Kreisleriana (Robert Schumann)

The Kreisleriana , opus 16, are eight parts for Piano composed by Robert Schumann in 1838, whereas the type-setter was 28 years old. The execution time is of approximately 30 minutes.

All bound by an affinity set of themes, they illustrate sometimes the calm one, sometimes the storm and reflect the surging character, if not morbid instability, of Schumann. They were made up at the time where Schumann was madly in love with Clara Wieck, nine year old pianist his junior: the father of the young girl wanted to then make failure with their union, conscious of the unstable character of the musician.

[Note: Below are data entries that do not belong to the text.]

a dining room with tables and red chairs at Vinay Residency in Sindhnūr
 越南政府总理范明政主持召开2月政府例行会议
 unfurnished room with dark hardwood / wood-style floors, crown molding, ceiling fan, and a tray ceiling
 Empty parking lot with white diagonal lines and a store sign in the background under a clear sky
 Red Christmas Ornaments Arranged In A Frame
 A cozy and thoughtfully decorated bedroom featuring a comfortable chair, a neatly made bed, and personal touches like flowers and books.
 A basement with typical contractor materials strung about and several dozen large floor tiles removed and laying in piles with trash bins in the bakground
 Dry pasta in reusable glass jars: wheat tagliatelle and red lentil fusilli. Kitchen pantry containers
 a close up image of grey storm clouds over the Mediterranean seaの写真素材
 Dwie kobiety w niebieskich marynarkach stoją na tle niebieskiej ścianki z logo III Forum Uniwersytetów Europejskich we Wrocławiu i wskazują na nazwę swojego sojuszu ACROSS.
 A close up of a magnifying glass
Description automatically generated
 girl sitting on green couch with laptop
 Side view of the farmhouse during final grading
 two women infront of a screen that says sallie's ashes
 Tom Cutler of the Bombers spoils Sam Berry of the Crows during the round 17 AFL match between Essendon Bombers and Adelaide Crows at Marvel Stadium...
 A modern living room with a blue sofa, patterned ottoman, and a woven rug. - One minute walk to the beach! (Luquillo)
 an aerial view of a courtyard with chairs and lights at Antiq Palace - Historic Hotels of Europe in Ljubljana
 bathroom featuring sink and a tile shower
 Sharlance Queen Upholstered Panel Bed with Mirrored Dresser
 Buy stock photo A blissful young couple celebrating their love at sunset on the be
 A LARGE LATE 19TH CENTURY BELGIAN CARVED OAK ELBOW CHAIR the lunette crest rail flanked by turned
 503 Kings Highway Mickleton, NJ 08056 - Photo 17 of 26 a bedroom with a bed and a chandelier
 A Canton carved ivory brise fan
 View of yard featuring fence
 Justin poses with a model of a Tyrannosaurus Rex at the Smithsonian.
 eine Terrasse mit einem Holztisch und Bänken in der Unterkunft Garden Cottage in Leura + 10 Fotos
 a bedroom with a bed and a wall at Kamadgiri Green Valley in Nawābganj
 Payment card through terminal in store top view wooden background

Perhaps the Kreisleriana express the interior conflicts of an enthusiast man and a woman one of the other, with the changing states of heart, but they are also the reflection of the passion of Schumann for the literary romanticism. They evoke indeed the character of fiction Johannes Kreisler drawn from works of E.T.A. Hoffmann. Like Kreisler, each part has two very different sections perhaps pointing out Florestan and Eusebius, both personanges imaginary created by Schumann itself, faithful representatives of contradictions which agitated it (impulsiveness and daydream).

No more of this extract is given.